# How to Restain Bathroom Vanity



## kawisser (Aug 15, 2011)

I want to change the color of my vanity from a golden oak color to something much darker, but I've never attempted something like this before. I've done a lot of googling but I'm still not sure. What does it mean to strip the finish? Is this just a chemical treatment and then you still sand it down before restaining? Would you pull the vanity out of the bathroom to do this work or would you leave it in place? Any other advice or ideas?

Thanks.


----------



## cagenuts (May 8, 2010)

I was about to say "That's easy, just stop looking in the mirror" but then I realised I had slightly misread the subject line.

I would certainly pull it out before trying any staining. Essentially you need to remove any glossy topcoat/sealer before applying any additional stain. The problem you have is that you don't have a test piece to judge the final result. Maybe check and see if there is a bit of wood that is hidden which you could use to test the finish.

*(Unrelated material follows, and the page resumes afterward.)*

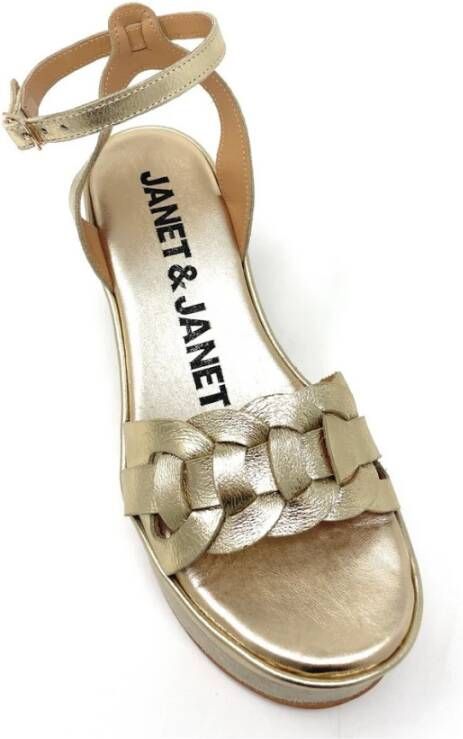 Janet & Janet Gouden suède platform sandalen met enkelband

I don't think it's that complicated.

Good luck.


----------



## DaninVan (Jan 1, 2012)

Hey, Kevin; before you get too deeply into this project please do two things
1) if there's a Mohawk Finishing outlet near you, take a door in and have a chat with the staff. This is precisely what they specialize in!
Lacquer Aerosols, Waterborne Stains, Leather Cleaners & More - Mohawk Finishing

2) check out the price of a new vanity. If you're going to all the trouble of refinishing, you might as well just replace it...they aren't that expensive.
I'm doing two of them as we speak, both will be done in situ. Well masked off, and a drop cloth, but remove the door and hardware first!
Cheers,
-Dan


----------



## kawisser (Aug 15, 2011)

cagenuts said:


> I was about to say "That's easy, just stop looking in the mirror" but then I realised I had slightly misread the subject line.
> 
> I would certainly pull it out before trying any staining. Essentially you need to remove any glossy topcoat/sealer before applying any additional stain. The problem you have is that you don't have a test piece to judge the final result. Maybe check and see if there is a bit of wood that is hidden which you could use to test the finish.
> 
> ...


Would you remove the topcoat by just sanding? Or is there a smarter way to do it?


----------



## cagenuts (May 8, 2010)

You _could_ do it with chemicals but sanding gives you more control. I think there must be a point at which building a new case makes more sense.


----------



## kawisser (Aug 15, 2011)

cagenuts said:


> You _could_ do it with chemicals but sanding gives you more control. I think there must be a point at which building a new case makes more sense.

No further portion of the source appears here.